The talk ends with an application of high order reconstructions to design well balanced schemes to capture steady state solutions for gas dynamics in a gravitational field, and to construct semi-conservative schemes.

**Title**:Subcell Flux Limiting for Scalar Conservation Laws

**Abstract**: Flux Corrected Transport (FCT)-like methods impose bounds or other constraints in the solution of convection-dominated problems. To do this, the FCT method considers a low-order
approximation that guarantees the fulfillment of the constraint via mass lumping and artificial
dissipative matrices. The accuracy of the low-order solution is then improved by incorporating
a limited anti-diffusive flux based on a high-order discretization. These methodologies have
been widely applied within finite element methods. Nevertheless, different problems arise when
the FCT method is applied within high-order finite element spaces. In particular:

i) The low-order method is more dissipative as the degree of the polynomial space is increased (while the number of degrees of freedom is kept fixed).

ii) As the polynomial space is increased, flux limiting is applied to a larger set of degrees of freedom. The consequence of this is the presence of non-physical oscillations (even when the solution fulfills the desired constraint). See for example Figure (b).

These two problems are created (in part) by the fact that the stencil of the discretization increases with the degree of the polynomial space. In this talk, we discuss different ideas to perform subcell flux limiting within continuous and discontinuous finite element discretizations based on high-order Bernstein polynomial spaces. We present numerical studies in one- and two-dimensions.

(2) The Boundary Variation Diminishing (BVD) formulation provides a new paradigm to devise high-fidelity finite volume schemes to capture both smooth and non-smooth flow structures with superior solution quality.
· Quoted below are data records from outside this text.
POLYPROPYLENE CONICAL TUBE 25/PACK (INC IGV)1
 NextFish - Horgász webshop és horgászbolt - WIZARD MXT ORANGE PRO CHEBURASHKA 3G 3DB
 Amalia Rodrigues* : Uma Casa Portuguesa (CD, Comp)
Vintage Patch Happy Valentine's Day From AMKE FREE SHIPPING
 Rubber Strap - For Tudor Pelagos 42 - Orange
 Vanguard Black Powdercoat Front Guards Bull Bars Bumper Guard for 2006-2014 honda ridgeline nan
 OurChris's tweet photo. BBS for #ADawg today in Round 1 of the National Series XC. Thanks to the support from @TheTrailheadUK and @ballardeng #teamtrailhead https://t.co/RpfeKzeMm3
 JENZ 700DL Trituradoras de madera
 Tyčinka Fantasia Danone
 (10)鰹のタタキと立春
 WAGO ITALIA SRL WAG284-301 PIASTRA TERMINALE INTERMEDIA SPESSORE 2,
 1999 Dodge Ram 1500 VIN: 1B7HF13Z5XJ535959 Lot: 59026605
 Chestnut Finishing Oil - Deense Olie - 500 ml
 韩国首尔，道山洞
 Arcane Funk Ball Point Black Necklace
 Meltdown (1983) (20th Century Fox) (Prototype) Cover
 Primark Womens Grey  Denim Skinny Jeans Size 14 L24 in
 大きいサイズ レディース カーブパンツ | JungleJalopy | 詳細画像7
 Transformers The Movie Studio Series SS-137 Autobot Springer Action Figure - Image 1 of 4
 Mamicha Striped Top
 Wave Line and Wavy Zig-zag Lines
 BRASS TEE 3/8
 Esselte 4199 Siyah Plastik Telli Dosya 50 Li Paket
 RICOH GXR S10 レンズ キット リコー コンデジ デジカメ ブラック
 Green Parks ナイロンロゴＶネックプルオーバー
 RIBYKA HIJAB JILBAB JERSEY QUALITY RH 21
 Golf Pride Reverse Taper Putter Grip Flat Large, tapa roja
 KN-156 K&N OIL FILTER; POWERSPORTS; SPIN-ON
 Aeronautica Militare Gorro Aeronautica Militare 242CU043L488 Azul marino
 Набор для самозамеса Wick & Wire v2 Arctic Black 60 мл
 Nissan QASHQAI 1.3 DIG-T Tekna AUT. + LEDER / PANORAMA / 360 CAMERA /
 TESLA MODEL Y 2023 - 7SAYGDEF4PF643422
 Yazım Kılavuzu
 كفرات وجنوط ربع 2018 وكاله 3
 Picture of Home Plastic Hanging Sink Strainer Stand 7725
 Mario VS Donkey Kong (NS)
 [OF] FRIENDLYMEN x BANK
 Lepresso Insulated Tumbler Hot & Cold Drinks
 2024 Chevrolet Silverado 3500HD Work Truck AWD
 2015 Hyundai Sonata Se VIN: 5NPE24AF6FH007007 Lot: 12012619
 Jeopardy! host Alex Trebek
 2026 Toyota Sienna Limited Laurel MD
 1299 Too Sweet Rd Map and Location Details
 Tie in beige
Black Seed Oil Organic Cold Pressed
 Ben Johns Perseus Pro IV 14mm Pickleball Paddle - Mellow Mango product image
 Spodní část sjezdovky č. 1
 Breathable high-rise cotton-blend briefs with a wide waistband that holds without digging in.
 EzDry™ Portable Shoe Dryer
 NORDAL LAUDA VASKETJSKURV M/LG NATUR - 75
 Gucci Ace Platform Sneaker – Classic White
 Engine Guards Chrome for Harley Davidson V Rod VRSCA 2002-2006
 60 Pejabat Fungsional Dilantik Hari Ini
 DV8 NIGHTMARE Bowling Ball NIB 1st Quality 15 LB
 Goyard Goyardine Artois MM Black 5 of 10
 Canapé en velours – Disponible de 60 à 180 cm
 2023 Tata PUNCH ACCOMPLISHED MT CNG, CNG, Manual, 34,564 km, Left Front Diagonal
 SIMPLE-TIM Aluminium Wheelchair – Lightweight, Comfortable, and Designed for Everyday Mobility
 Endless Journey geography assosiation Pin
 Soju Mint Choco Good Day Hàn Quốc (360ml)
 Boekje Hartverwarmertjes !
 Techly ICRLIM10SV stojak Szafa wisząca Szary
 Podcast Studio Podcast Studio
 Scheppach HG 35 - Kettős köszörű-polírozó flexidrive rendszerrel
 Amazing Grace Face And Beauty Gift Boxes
The BVD formulation uses multiple reconstruction functions, so-called BVD-admissible functions, for different solution structures and adaptively selects the reconstruction function from the candidates according to the principle that minimizes the jumps of the reconstructed physical variables at cell boundaries, which thus effectively reduces the dissipation errors. More profoundly, the BVD formulation provides an alternative to the conventional limiting-projection approach to eliminate numerical oscillation. With proper BVD-admissible functions and BVD algorithms, we have developed a new class of numerical schemes of great practical significance for compressible and interfacial multiphase flows. The numerical schemes have been extensively verified with various benchmark tests of single and multiphase compressible flows involving strong discontinuities and complex flow structure of broad range scales.

**Title**: Arbitrary Order Structure Preserving Discontinuous Galerkin Methods for the Euler Equations with Gravitation

**Abstract**: Hydrodynamical evolution in a gravitational field arises in many astrophysical and atmospheric problems. In this presentation, we will talk about arbitrary order structure preserving discontinuous Galerkin finite element methods which can exactly capture the non-trivial steady state solutions for the Euler equations under gravitational fields, and at the same time maintain the non-negativity of some physical quantities. Numerical tests are provided to verify the well-balanced property, positivity-preserving property, high-order accuracy, and good resolution for both smooth and discontinuous solutions.